Interestingly, both cloud of points—individuals and variables—have the same inertia. On one hand, the inertia of the cloud of row-points is the sum of the squared distances between each point and the center of gravity, weighed by the importance of each individual. This inertia can be expressed with respect to each axis in the original space (in which each axis corresponds to a variable):

\[ I_T = \sum_{i=1}^{n} \frac{1}{n} \sum_{j=1}^{p} (x_{ij} - \bar{x}_j)^2 = \sum_{j=1}^{p} \sum_{i=1}^{n} \frac{1}{n} (x_{ij} - \bar{x}_j)^2 = \sum_{j=1}^{p} var(j) \tag{1.18} \]

The variance along a given axis is the spread of the projected coud on that axis. Because the axes are orthogonal, the total inertia is equal to the sum of the variances of the variables. Therefore, the inertias of both clouds are the same.

1.3.6 Distance Matrices

The rows (i.e. the cities) are located in a space where we measure distance in the classic sense. In a normalized PCA we have:

\[ d^2(i, i') = \sum_{j=1}^{p} \left ( \frac{x_{ij} - x_{i'j}}{s_j} \right )^2 \tag{1.19} \]

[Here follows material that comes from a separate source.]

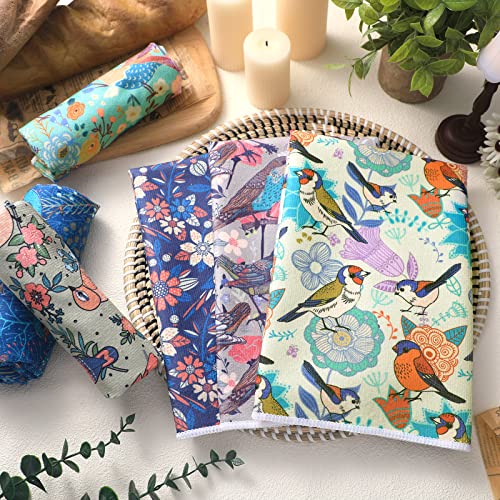 Redbaker 6 Pcs Bird Kitchen Towels Retro Floral Absorbent Dishcloth Set | Decorative Hand Towels with Birds Wildflower Prints, Kitchen Cleaning Cooking Baking, Housewarming Gift for Bird Lovers - style: Garden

And in the case of a non-normalized PCA:

\[ d^2(i, i') = \sum_{j=1}^{p} (x_{ij} - x_{i'j})^2 \tag{1.20} \]

In the cloud of variable-points, the distance is defined by the formula (1.11) when we are carrying out a normalized PCA. In the case of a non-normalized PCA then distance becomes:

\[ d^2(j, j') = var(j) + var(j') - 2 cov(j,j') \tag{1.21} \]

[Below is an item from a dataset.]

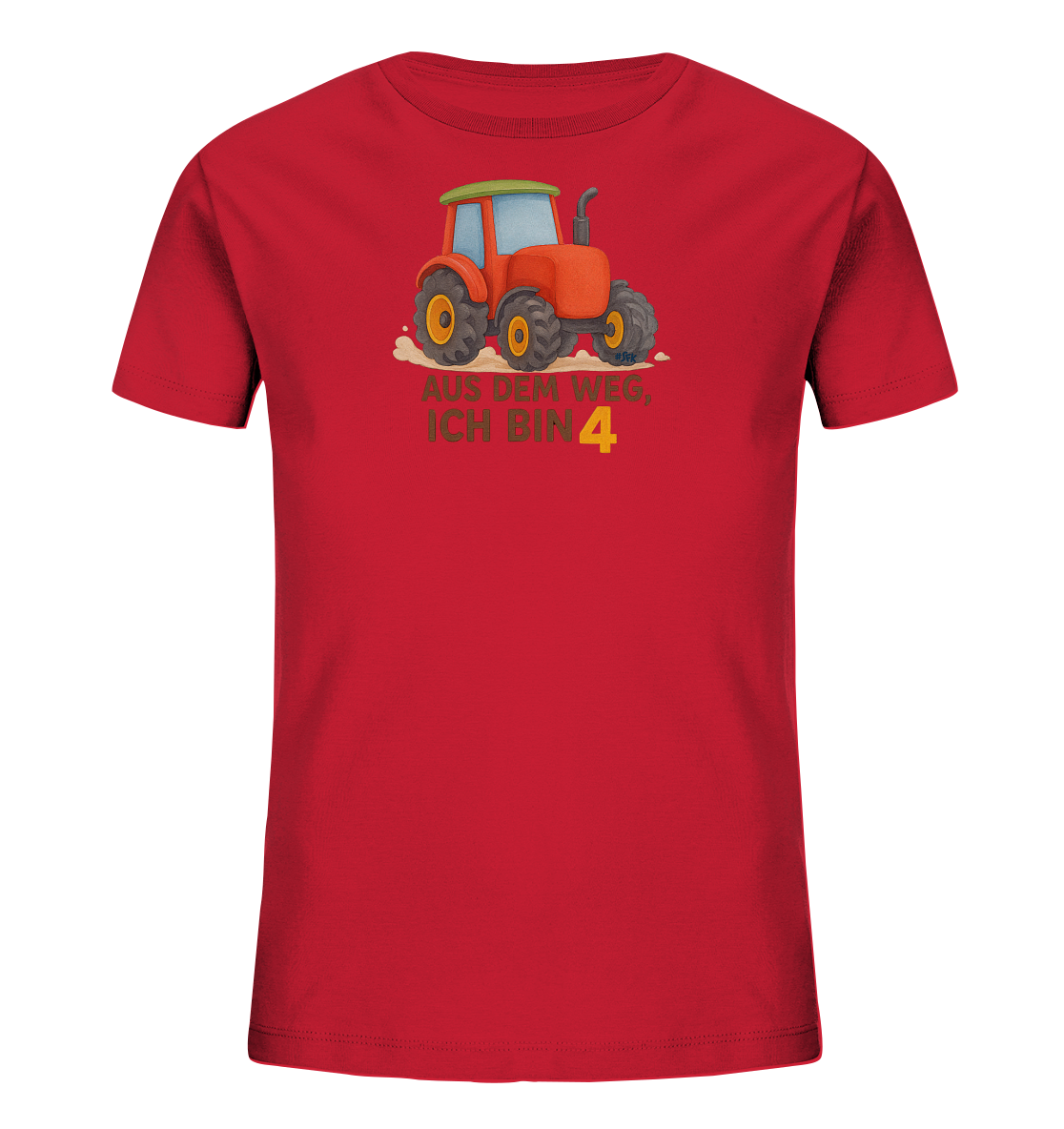 Onlineshop Shirts fuer Kinder - Das Bild zeigt ein rotes T-Shirt fuer Kinder mit einer Illustration eines orangefarbenen Traktors auf der Vorderseite. Der Traktor faehrt auf sandigem Untergrund und ist detailreich gezeichnet. Unter dem Traktor steht in gruener und gelber Schrift der Spruch "AUS DEM WEG, ICH BIN 4". Das Design wirkt robust und kindgerecht.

All these distances can be organized in square matrices: an \(n \times n\) distance matrix for the distances between individuals, and a \(p \times p\) matrix for the distances between variables.

If we don’t defined how to measure the distances between points, then the clouds of points remain undefined. In our approximation, we assume that the rows (the cities) are located in a metric (Euclidean) space, which means that the distance is measured by the classic formula of the sum of squared differences:

\[ d^2 (i, i') = \sum_{j=1}^{p} (x_{ij} - x_{i'j})^2 = (x_i - x_{i'}) \mathbf{I} (x_i - x_{i'}) \tag{1.22} \]

Notice that in this case, calculating the distance between two individuals takes the form of a scalar product, where the metric matrix is the identity matrix. This corresponds to a non-normalized PCA.

In contrast, when we carry out a normalized PCA, the distance between two individuals is measured by the formula:

\[ d^2(i, i') = \sum_{j=1}^{p} \left ( \frac{x_{ij} - x_{i'j}}{s_j} \right )^2 = (x_i - x_{i'}) \mathbf{S}^{-2} (x_i - x_{i'}) \tag{1.23} \]

where:

\[ \mathbf{S}^{-2} = \left(\begin{array}{cccc} \dots & 0 & 0 & 0 \\ 0 & 1/s_{j}^{2} & 0 & 0 \\ 0 & 0 & \dots & 0 \\ 0 & 0 & 0 & \dots \\ \end{array}\right) \]

In this case, the metric matrix is given by \(\mathbf{S}^{-2}\) (diagonal matrix of inverses of variable variances). Notice that all euclidean metrics can be expressed in a canonical form by using a change of coordinates. When using \(\mathbf{S}^{-2}\) such change of coordinates involves dividing the coordinates of the points by the standard deviation of each variable.

Regarding the cloud of variable-points, the distance between variables is defined based on the correlation between two variables. In general, this distance is given by the scalar product between two vectors:

\[ cor(j,j') = \sum_{i=1}^{n} \frac{1}{n} \left ( \frac{x_{ij} - \bar{x}_j}{s_j} \right ) \left ( \frac{x_{ij'} - \bar{x}_{j'}}{s_{j'}} \right ) = \mathbf{z_{j}^{\mathsf{T}} N z_j} \tag{1.24} \]

The natural metric matrix to be used in this case is the diagonal matrix \(\mathbf{N}\) of weights for individuals (\(1/n\) or \(p_i\)). Thus, the distance between variables is defined as:

\[ d^2(j,j') = <z_j, z_{j'}> + <z_j, z_{j'}> - 2<z_j, z_{j'}> \tag{1.25} \]

which coincides with (1.17) when using mean-centered data and standardized (normalized PCA), or with (1.16) when using non-centenred data (non-normalized PCA; (1.11) and (1.21)).